No outro dia estava a falar com uma amiga sobre uma rapariga que existe em comum na nossa vida e a quem amamos muito. Ela via-a ainda como adolescente. Mas com a idade dela, dificilmente se pode falar em adolescente. Já ultrapassou a barreira dos 20 (embora não há muito, é certo), tem direito a voto e carta de condução. Talvez por eu ter menos convívio com a rapariga em questão, vejo-a com outros olhos. Amo-a muito – e isso é independente de partilharmos parte do ADN – mas reconheço que ela se transformou numa pessoa que eu não reconheço. É manipuladora, preguiçosa, egocêntrica. E a manipuladora deixa-se manipular com facilidade pelo fofo do namorado que, sendo um rapaz da idade dela, não só não faz nenhum, como não o quer fazer. Não é tão mais giro sair à noite, comer e beber às custas da namorada, com o conhecimento e a benção dos paizinhos da dita?
Talvez seja por ser de outras épocas. Separa-me quase uma década desta moça mas se fosse um milénio, as diferenças não seriam tão sentidas. Esta rapariga já teve um episódio com gravidade relativa de anorexia, mas os pais preferem acreditar que foi um episódio esporádico e que a criancinha está bem e recomenda-se. Atiram areia para os olhos dos outros – ou pelo menos tentam – e acreditam que os outros se deixam enganar.
São capazes de detectar uma mancha comportamental nos filhos dos outros a 150 m de distância; mas não vêem o que têm em casa. E quando vem alguém de fora, e chama a atenção, mesmo que seja com um comentário aparentemente inócuo, preferem virar-se contra essa pessoa e atirar pedras.

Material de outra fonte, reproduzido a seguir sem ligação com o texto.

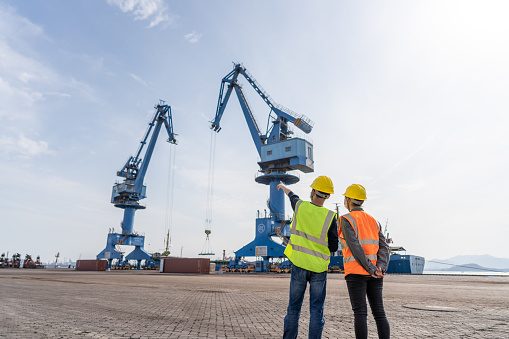 Male and female dock workers exchange work in front of port cranes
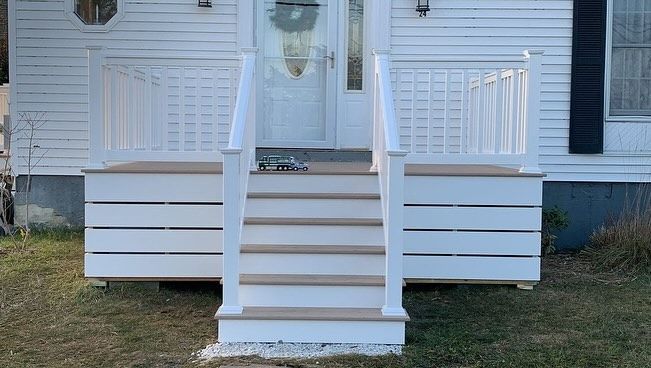 A white house with a porch and stairs in front of it.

São cegos? Não têm discernimento? Será possível que achem que os outros são cegos ou que se ignorarem o problema ele desaparece? Porque, meus amigos, o problema não é só as drogas ou o álcool; as más companhias e o excesso de liberdade também prejudicam. Quando nos untam as mãos com massas suplementares quando estalamos os dedos, é normal que não se queira fazer nada da vida.
Eu nunca gostei de me sentir um peso para ninguém; estudei e trabalhei ao mesmo tempo e dessa forma tirei uma licenciatura e uma pós-graduação. Porque me ensinaram, de pequena, o valor do trabalho.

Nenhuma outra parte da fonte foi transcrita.